[Provided data]:
------------------------------------------------------------
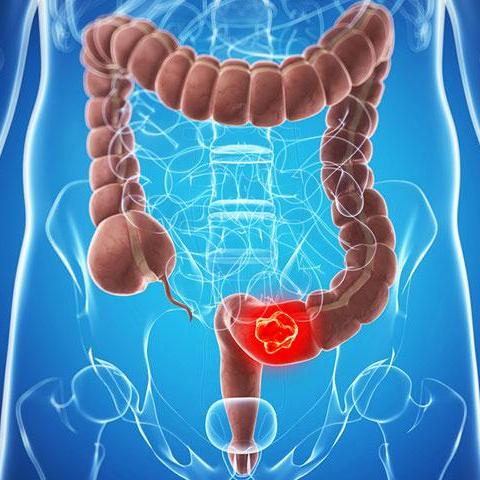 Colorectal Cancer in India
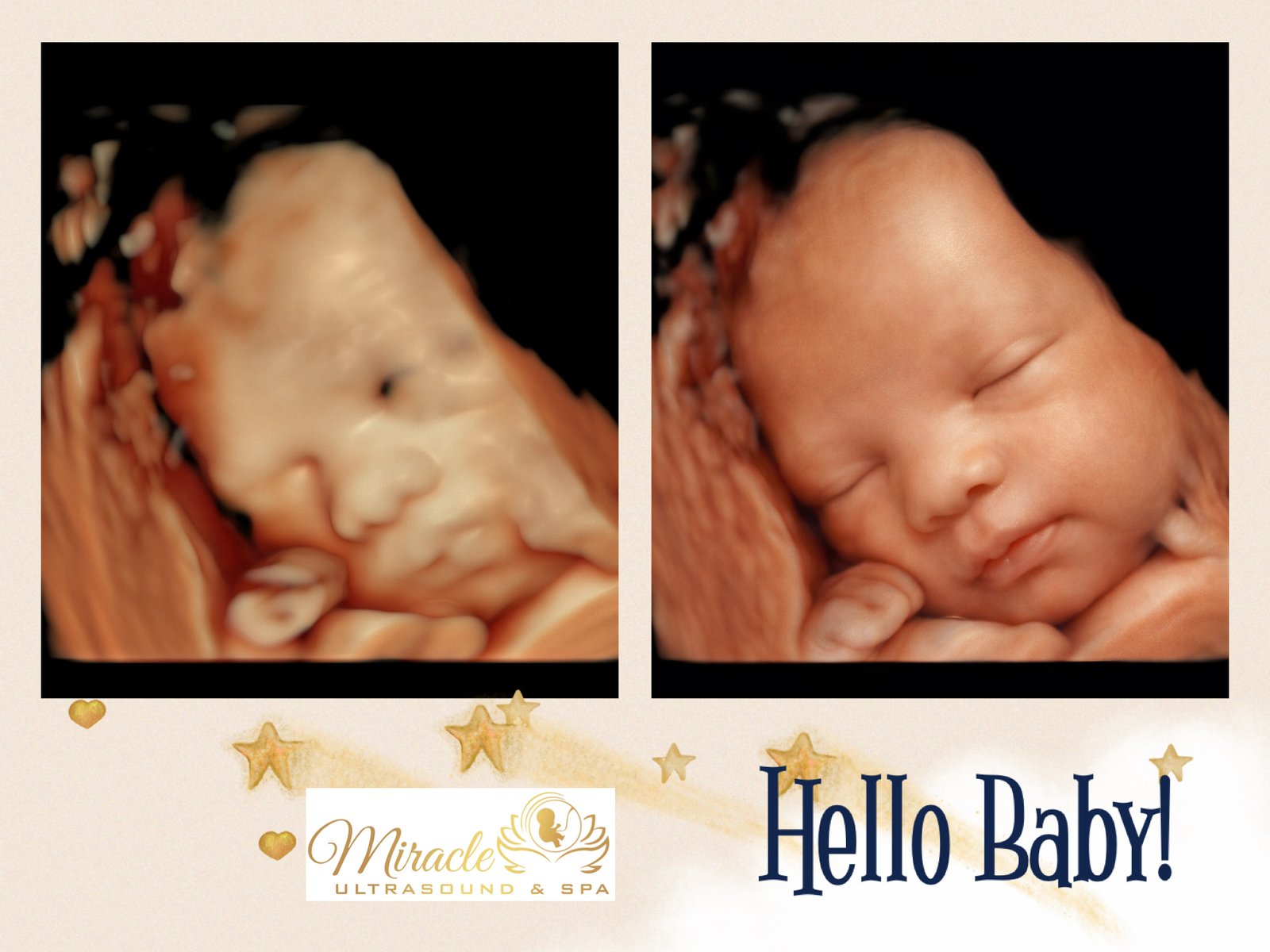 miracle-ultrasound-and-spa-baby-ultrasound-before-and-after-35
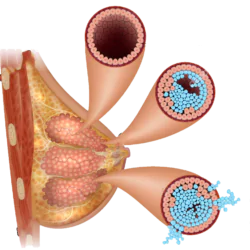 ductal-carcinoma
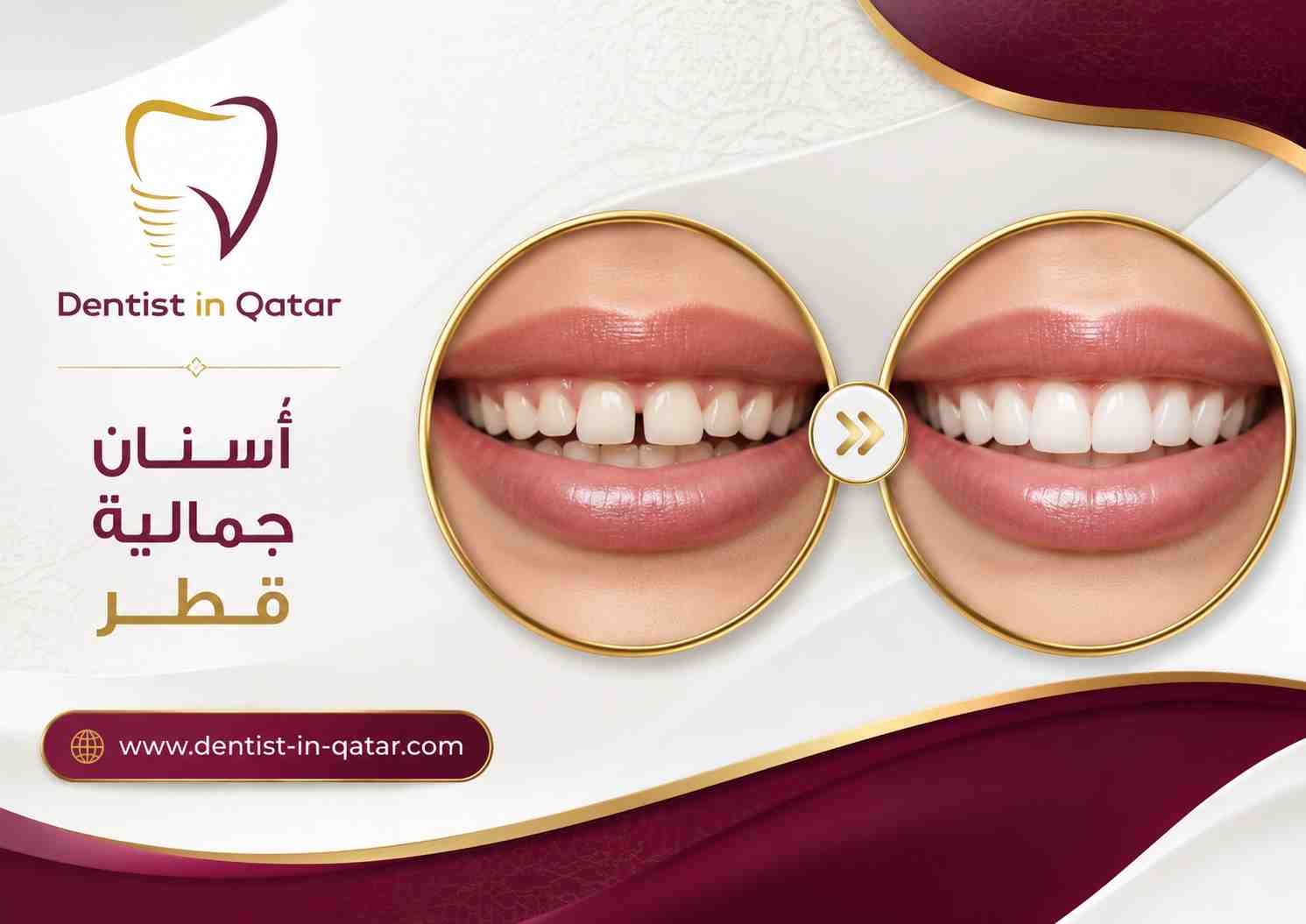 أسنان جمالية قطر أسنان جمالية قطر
------------------------------------------------------------
[What is expected]: Wherever an image sits in the data, omit it; everything else must be copied exactly.

[Response for this exercise]:
 Colorectal Cancer in India
 miracle-ultrasound-and-spa-baby-ultrasound-before-and-after-35
 ductal-carcinoma
 أسنان جمالية قطر أسنان جمالية قطر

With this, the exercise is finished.